Brian O’Riordan pointed out that even though the current EU legislation prohibits the introduction of foreign species, the legislation couldn’t prevent their escape into the wild,  for example when nets break up after storms.

He also highlighted that there has been no significant increase in aquaculture in the EU in the last 10 years.

“There are some constraints because of a lack of land on the coast. Who is going to give up space for aquaculture?” he asked.

According to the latest figures of the Food and Agriculture Organisation of the United Nations (FAO), production from aquaculture reached 80 million tonnes in 2016, providing 53%  of all fish consumed by humans.

In its report, the UN agency noted that aquaculture’s growth has slowed: annual growth between 2010 and 2016 was 5.8%, down from 10% in the 1980s and 1990s.

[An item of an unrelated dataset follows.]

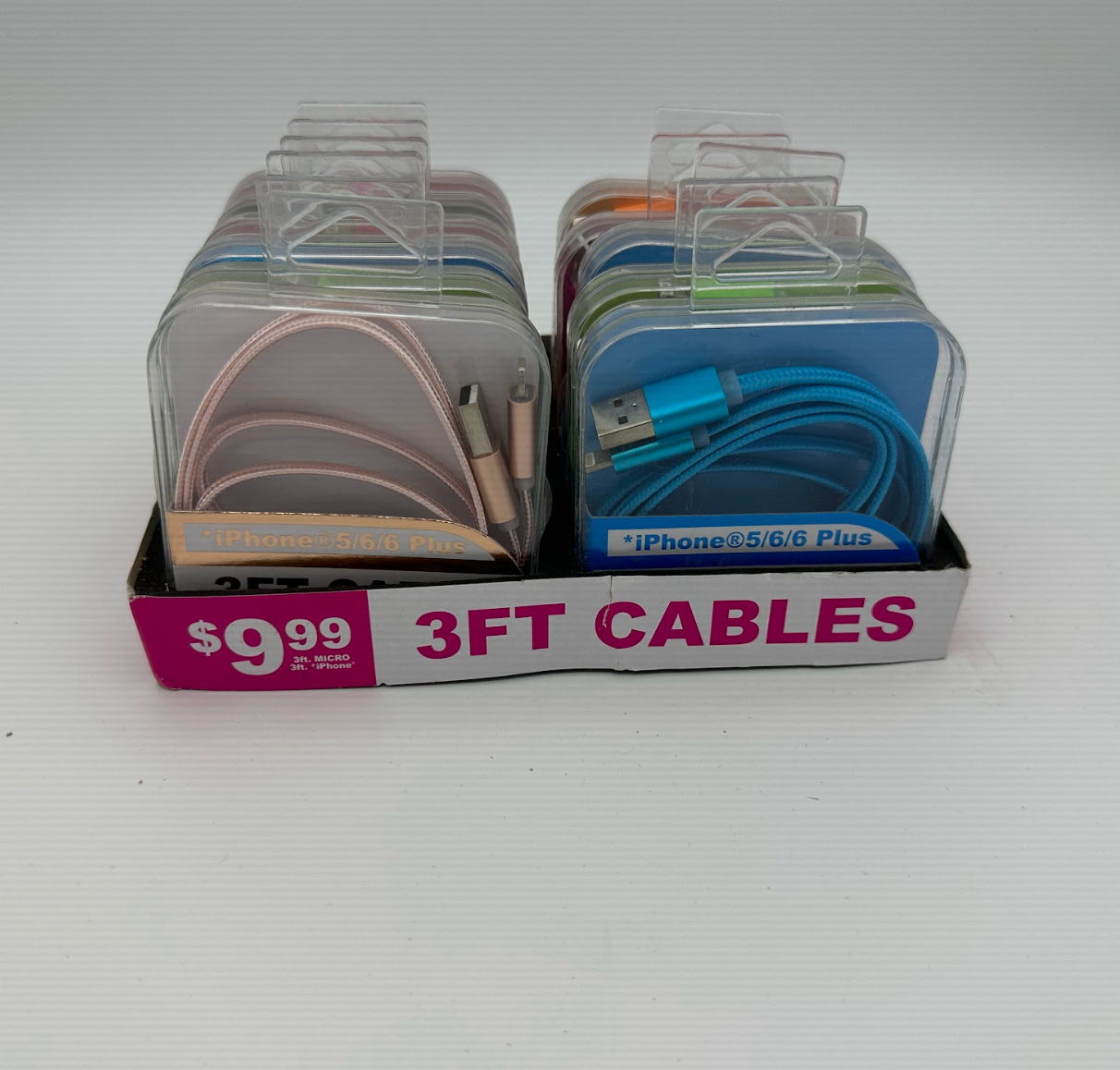 3FT IPH Cables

But it will still continue to expand in the coming decades, especially in Africa, the FAO said.

The UN agency published its new figures in its bi-annual report “The State of World Fisheries and Aquaculture” (SOFIA) which was released the same day Slow Food organised its event.

The report also shows that the percentage of fisheries classified as overfished continues to increase and is now a third of all assessed fisheries worldwide.

Only a decade ago, this percentage was a quarter, and in 1974, the baseline for the report, only 10% of assessed stocks were overfished. In 2007, 52%  of assessed fish stocks were at maximum sustainably/fully-fished levels, while the findings published today show the figure to be close to 60%.

The FAO expects that by 2030, combined production from capture fisheries and aquaculture will grow to 201 million tonnes, an 18% increase over the current production level of 171 million tonnes.